La consapevolezza che le risorse del pianeta siano limitate ormai è sempre più diffusa non solo tra i consumatori, ma anche tra le aziende che producono cibo. E in tale direzione vanno le stesse scelte strategiche dell’Europa nella ridefinizione dell’impianto normativo della nuova Pac. Anche la cooperazione agroalimentare sta investendo molto nella sostenibilità ambientale. Secondo il centro Studi Confcooperative, 7 cooperative agroalimentari su 10 sono impegnate in progetti di sostenibilità ambientale; 1 su 2 investe in risparmio d’acqua ed energia elettrica; 1 su 3 in tecnologie rispettose dell’ambiente; 1 su 4 è indirizzata verso il riutilizzo dei materiali (biomasse e scarti industriali). Pure nella pesca la parola d’ordine è sostenibilità: per 2 cooperative su 3 questo è già realtà, con l’utilizzo di tecniche di pesca e allevamento a basso impatto, con l’impiego di attrezzi da pesca sempre più selettivi o con la riduzione volontaria delle giornate di pesca per non stressare le risorse e valorizzare le produzioni. I pescatori sono sempre più sentinelle dei mari, chiamati a ripulire i fondali da plastiche o immondizia. Lo spreco degli acquedotti italiani invece ammonta a 2,8 milioni di metri cubi al giorno: in un anno, in media, perdono il 40% della portata d’acqua con punte del 77% in alcuni capoluoghi del centro sud (Snpa - Sistema Nazionale Protezione Ambiente).
I consumatori del futuro saranno sempre più alla ricerca di prodotti sani e sicuri, ma allo stesso tempo tenderanno a consumare dei pasti non più solo per il proprio piacere o perché fanno bene, ma scegliendo anche cibi che non danneggino il pianeta, senza cioè avere sensi di colpa verso il mondo. Un altro grande must per il cibo del futuro sarà la trasparenza informativa verso i consumatori, che saranno sempre più attenti alle caratteristiche dei prodotti che portano sulle proprie tavole.
La riduzione degli sprechi è un’altra parola d’ordine di questi anni che vede impegnati su più fronti istituzioni, aziende, catene distributive e di ristorazione e consumatori. L’Instituto San Telmo ha anche diffuso alcune proiezioni elaborate dalla Fao, secondo la quale oggi nel mondo viene gettata via il 45% della frutta, il 20% della carne, il 30% dei cereali, il 35% del pesce. Non solo: negli oceani ci sono 5 miliardi di pezzi di plastica e se non facciamo nulla, entro il 2050 ci saranno più materie plastiche che pesci.

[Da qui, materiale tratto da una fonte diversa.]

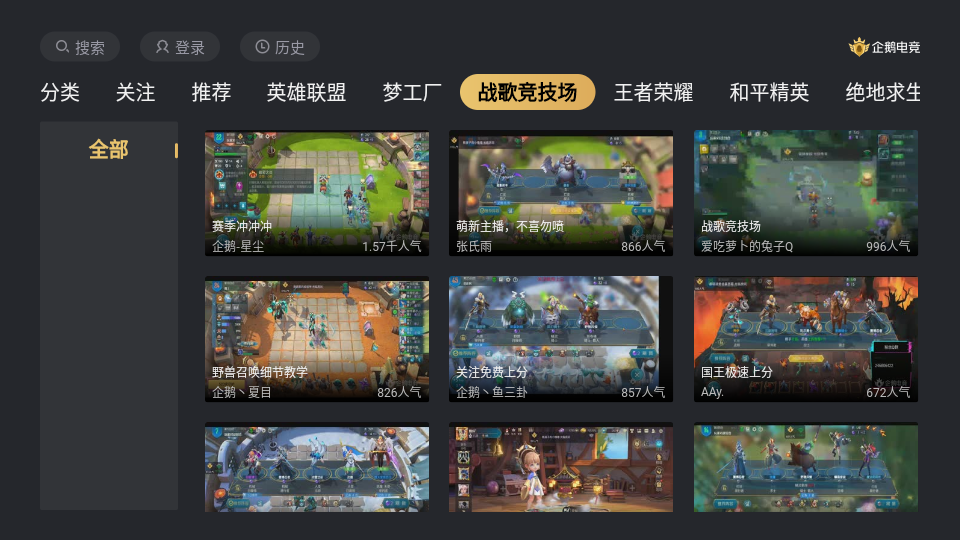 企鹅电竞TV版v1.0.0.18 官方版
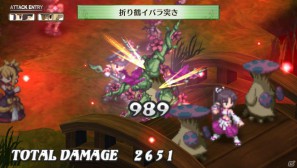 フーカ＆デスコも参戦！PS Vita「魔界戦記ディスガイア3 Return」2つの技を組み合わせる「技合体」や収録される「3」の“元”DLCを紹介の画像15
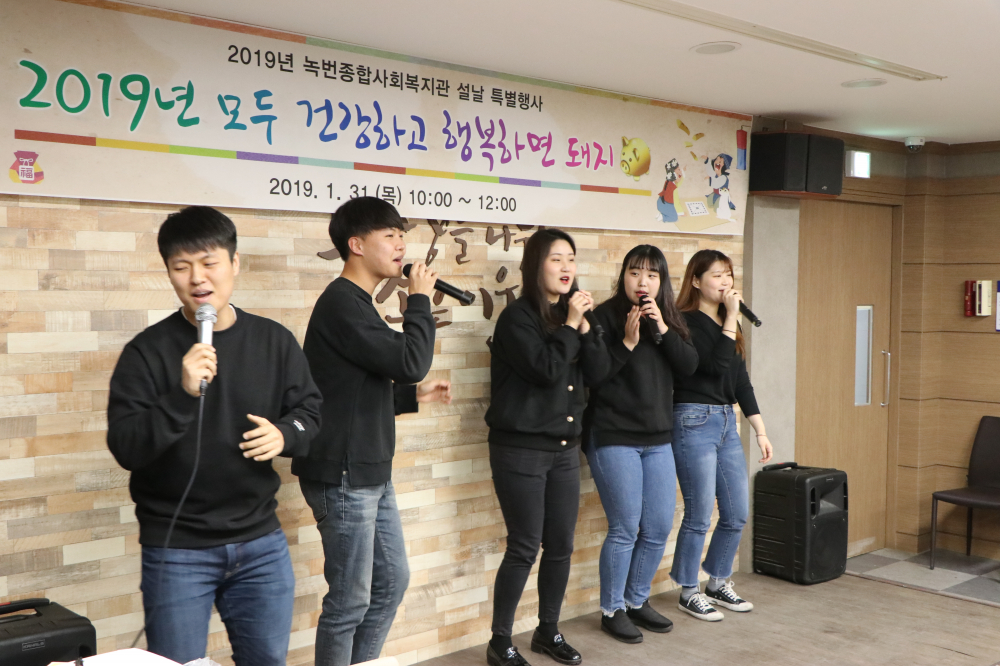 소식지(설날행사) (1).JPG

Nei prossimi anni aumenterà la sensibilità sul problema dell’utilizzo della plastica, sia presso gli operatori della produzione che in quelli della distribuzione, e si continuerà a lavorare per ridurre gli imballaggi e gli sprechi alimentari.

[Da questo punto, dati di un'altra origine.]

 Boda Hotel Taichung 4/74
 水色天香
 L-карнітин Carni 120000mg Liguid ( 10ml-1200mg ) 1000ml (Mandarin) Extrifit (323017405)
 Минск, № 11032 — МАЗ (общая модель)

Nel cibo del futuro sarà sempre più determinante il giudizio dei Millenials che, secondo una ricerca dell’Instituto San Telmo, sono sempre connessi (più del 60% confronta i prezzi in negozio usando i propri dispositivi mobili). I Millennials non si fidano della pubblicità (solo l’1% si fida di quanto riportato dagli annunci televisivi), dal momento che le loro principali fonti di informazione sono le recensioni online di amici e altri clienti, i social media e i blog, che vengono esaminati dal 33% dei Millenials prima dell’acquisto). I Millenials continueranno anche in futuro ad essere sempre più informati, già oggi sanno molto di più sui prodotti rispetto alle generazioni precedenti, anche se la veridicità delle informazioni che circolano sul web non sempre è attendibile.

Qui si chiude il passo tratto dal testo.